La reazione sul mercato domestico ha visto un apprezzamento della divisa ed
un restringimento dello spread sul benchmark a 18 mesi al di sotto dell’8,60%.
Un rendimento interessante sia per gli investitori domestici che esteri a fronte
di un’inflazione attesa nel 2010 al di sotto del 6%.
Ma non sono solo i rendimenti reali positivi sul debito domestico ad attrarre
nuovi flussi di investimento verso la Turchia, anche la Borsa beneficia della
lira turca tornata forte.
Grafico: Composizione debito domestico, distribuzione
sul mercato e tra i sottoscrittori non bancari


Il rafforzamento della divisa e’ sostenuto dai primi risultati effettivi
di un importante piano fiscale varato lo scorso settembre , da un trend positivo
delle esportazioni maggiormente diversificato e dal rimpatrio degli utili delle
corporates turche. Anche sul deficit di parte corrente le notizie sono incoraggianti
essendosi ridotti ad un terzo del picco toccato nel 2008, riducendosi cosi’

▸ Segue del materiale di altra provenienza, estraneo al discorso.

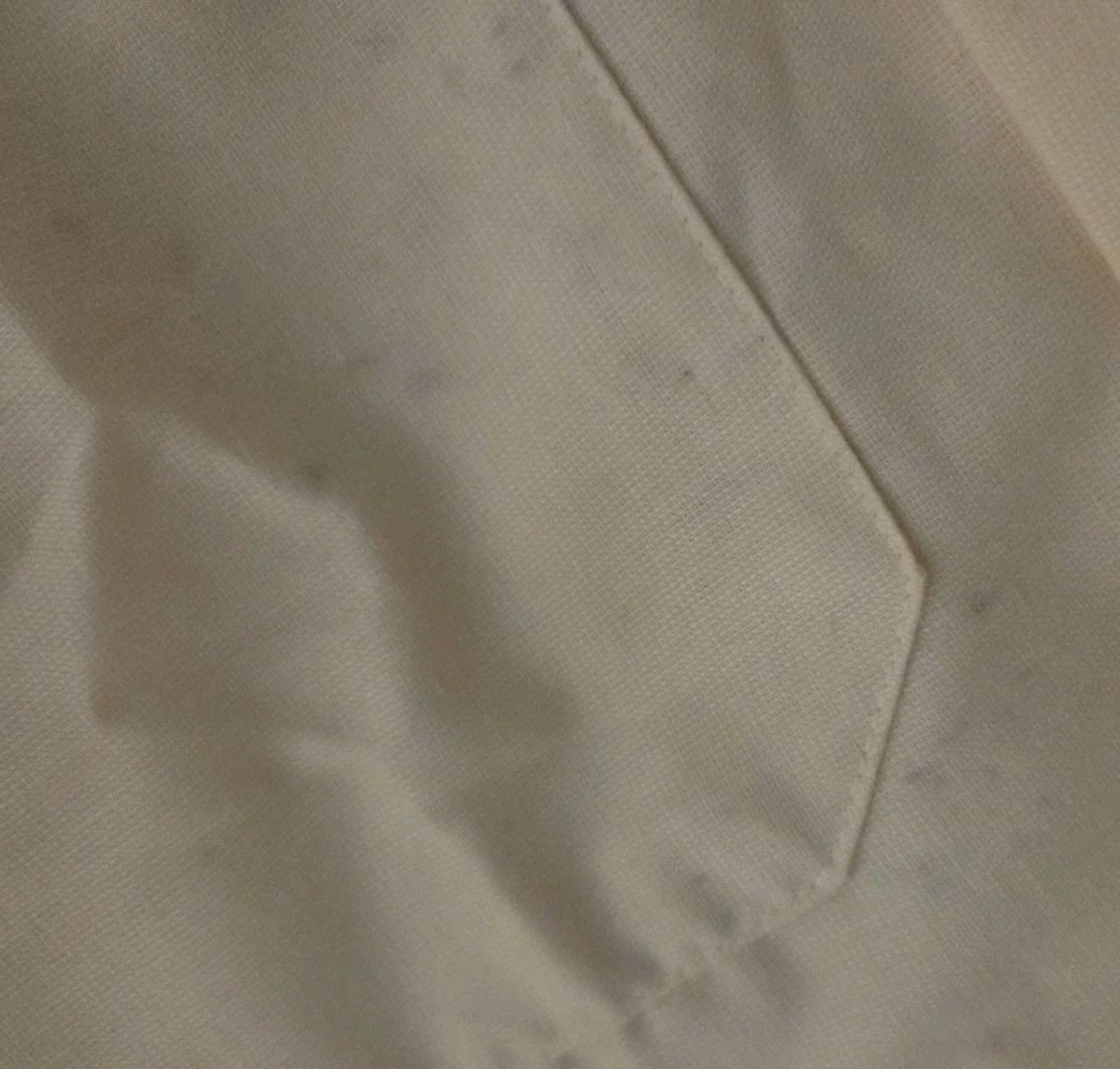 VINTAGE RARE SUPERTEST GASOLINE UNIFORM SHIRT GAS STATION MOTOR OIL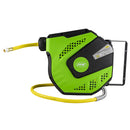 CARRETE DE MANGUERA DE AIRE 13M - VERDE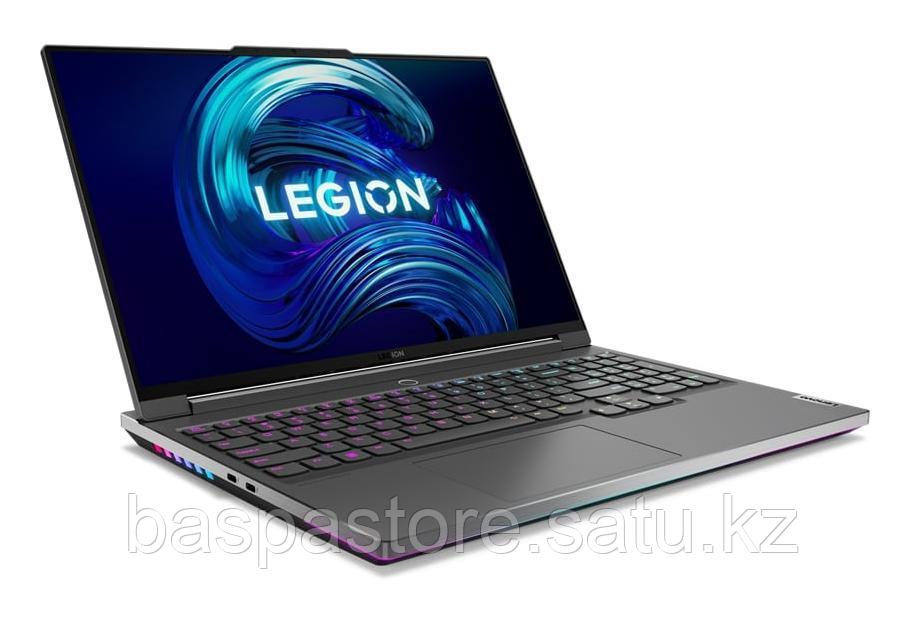 Ноутбук Lenovo Legion 7 16.0'wqxga/Core i9-12900HX/32gb/2TB ssd/GF RTX3080ti 8gb/Dos (82TD009VRK) - фото 1 - id-p112722201
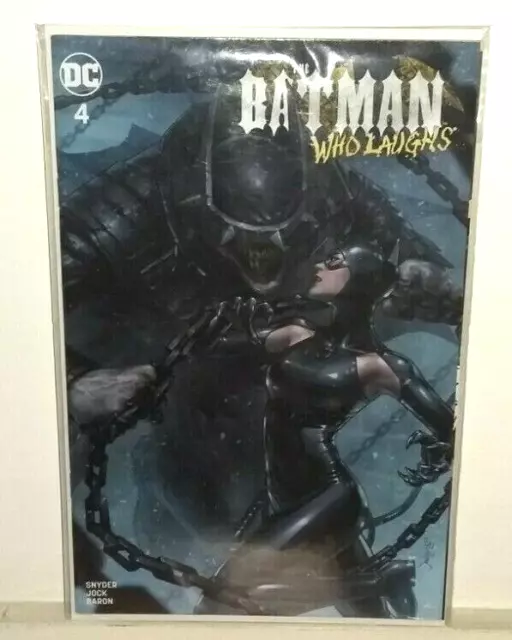 Batman Who Laughs #4 Jeehyung Lee Catwoman Variant (DC COMICS 2018) 1st Print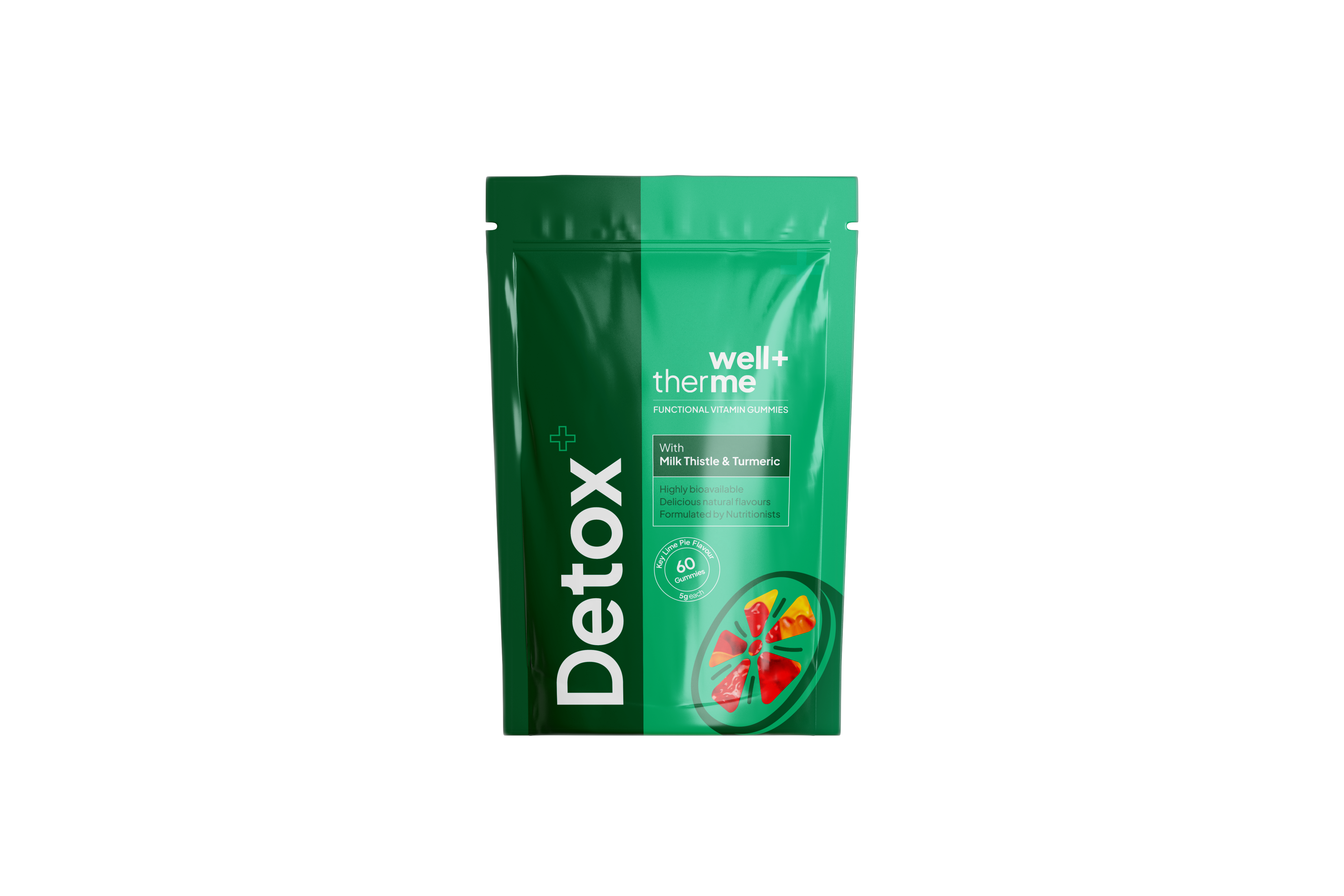 Detox Gummies - Key Lime Pie flavour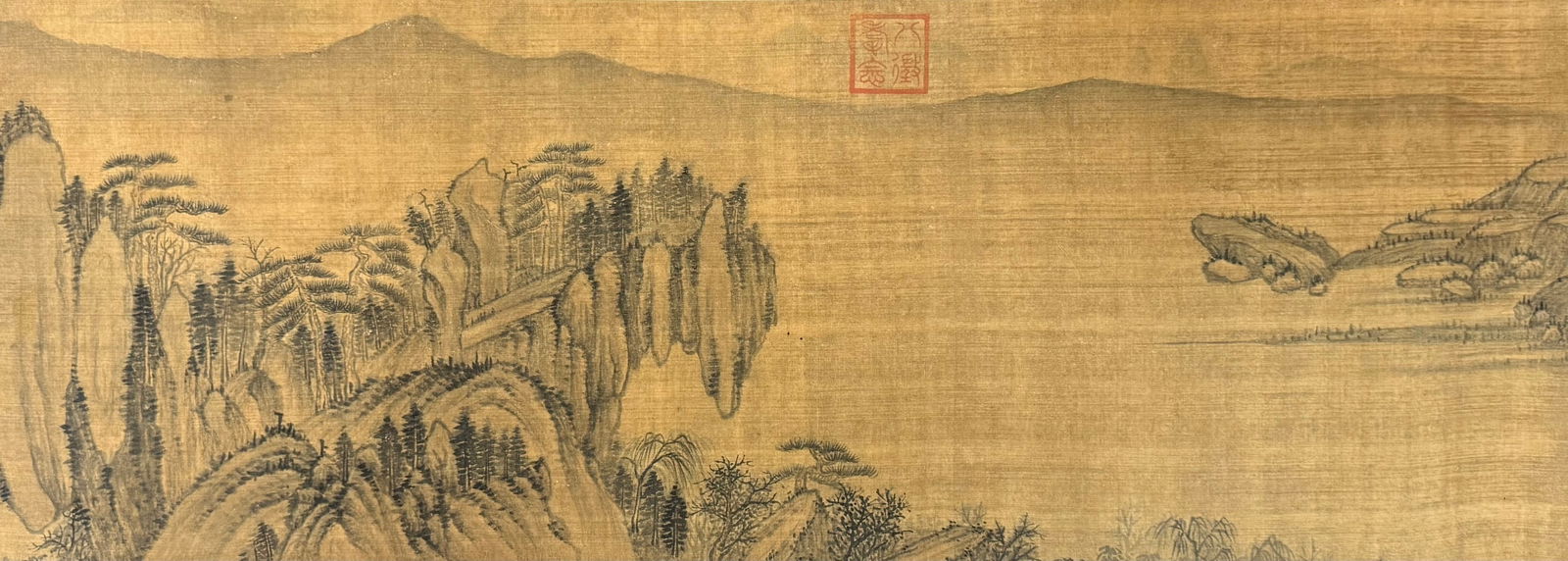 Wangmengxi Mountain Dwelling Map Volume - 12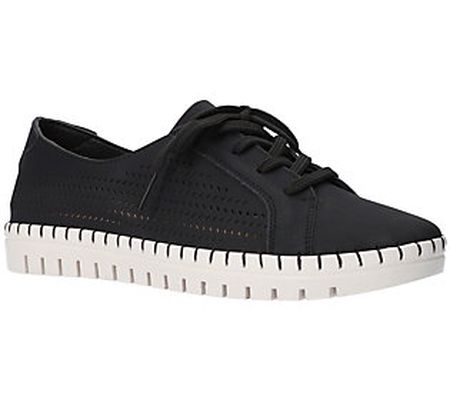 Easy Street Ultra Flexible Lace-Up Sneakers - B rodie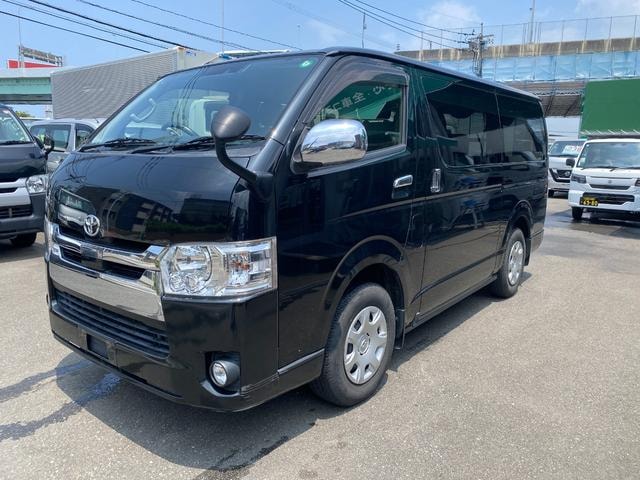 Toyota REGIUS ACE VAN 2018 — фото автомобиля 1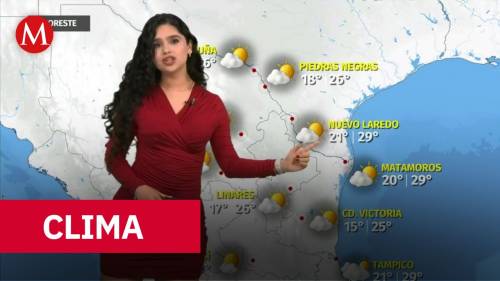 Clima de hoy martes 23 de diciembre de 2025 | Pronóstico con Natalia Sánchez
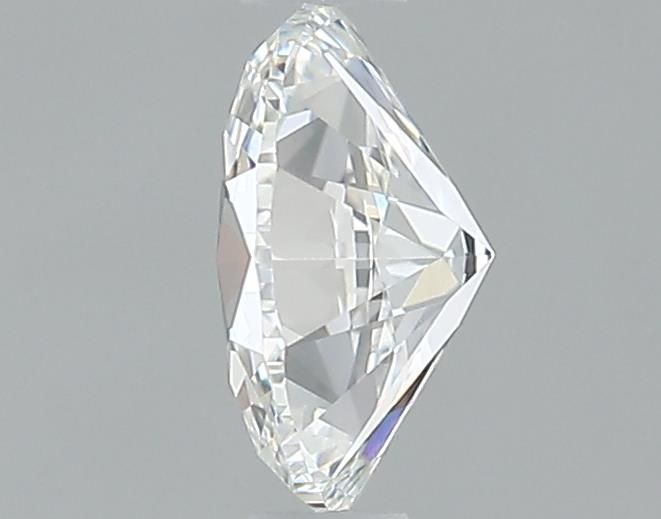 0.71ct Oval F VVS2 Natural Diamond
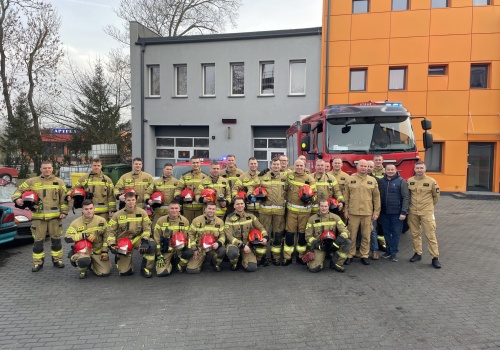 WOLSZTYN: Uroczyste pożegnanie st. kpt. Marcina Mocka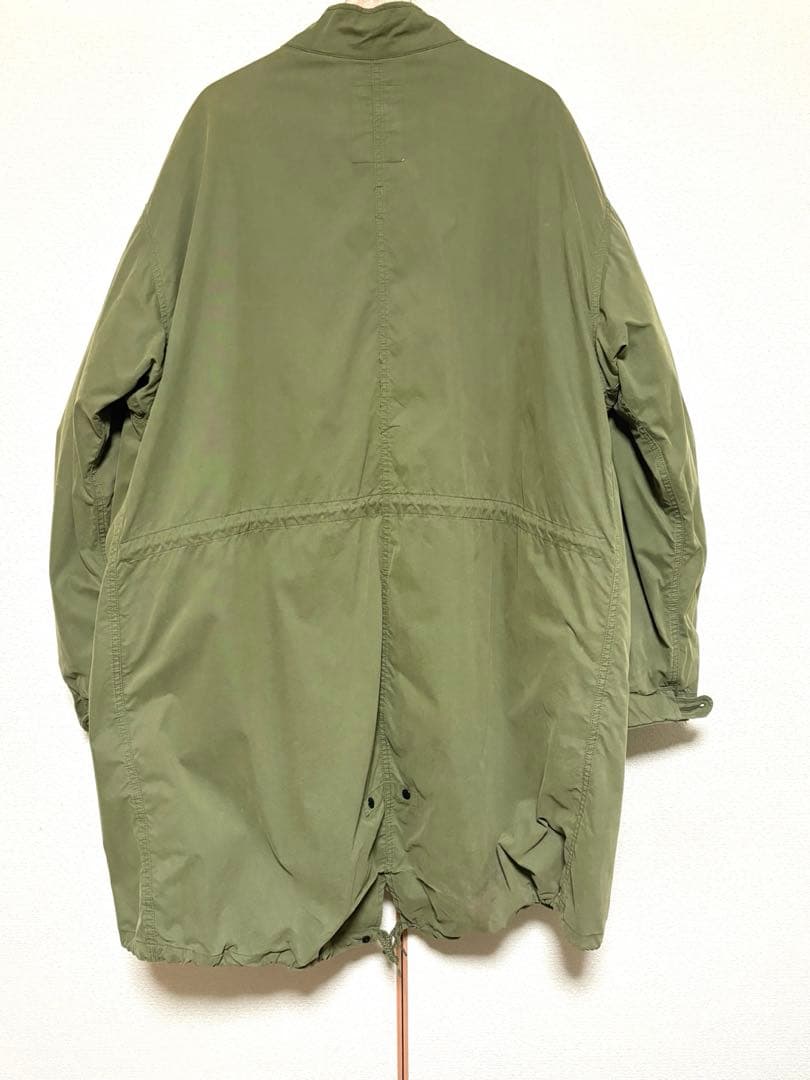 【FREAK’S STORE】ライナー付き モッズコート M カーキ メンズ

ad un 2,5% secondo gli analisti di JP Morgan per il 2010 a fronte di una crescita
del PIL del 5%, e con flussi diretti dall’estero che ne coprono almeno
la meta’.
Una dinamica nuovamente virtuosa la si puo’ individuare poi nel rapporto
debito PIL ridottosi dall’80% del 2001 all’attuale 51%, e quindi
al di sotto del parametro UE fissato al 60%.
Il consenso e’ tale che per la prima volta il Governo ha deciso di emettere
un’emissione in divisa locale a 10 anni con un rendimento a ridosso del
10.5% per allungare la scadenza media del debito domestico e che si sono intensificati
gli arbitraggi sui Titoli legati all’inflazione , detti CPI Linker, sulla
scadenza 2012.
Rientrate poi le tensioni tra Governo e l’elite nazionalista secolarista,
rappresentata perlopiu’ dai militari, anche nella politica interna si
e’ tornati ad un clima perlomeno costruttivo anche se non idilliaco.
Un altro elemento a favore del rafforzamento dell’immagine della Turchia
sul panorama dei mercati internazionali e’ l’impegno del Governo
nella politica estera, che ha permesso di rafforzare il ruolo regionale di Ankara
con : l’apertura dei confini armeni, l’abolizione dei visti con
Siria,Giordania e Libano e non ultimo nell’ambito del patto trilaterale
, denominato “Dichiarazione di Ankara”, che vede la Turchia fungere
da arbitro tra Pakistan e Afghanistan per costruire relazioni bilaterali costruttive
tra i due Paesi onde evitare ripercussioni negative nell’intera regione
e contribuire ad una stabilita’ solida e duratura degli equilibri geopolitici,
minati dalla variabile estremista legata al terrorismo.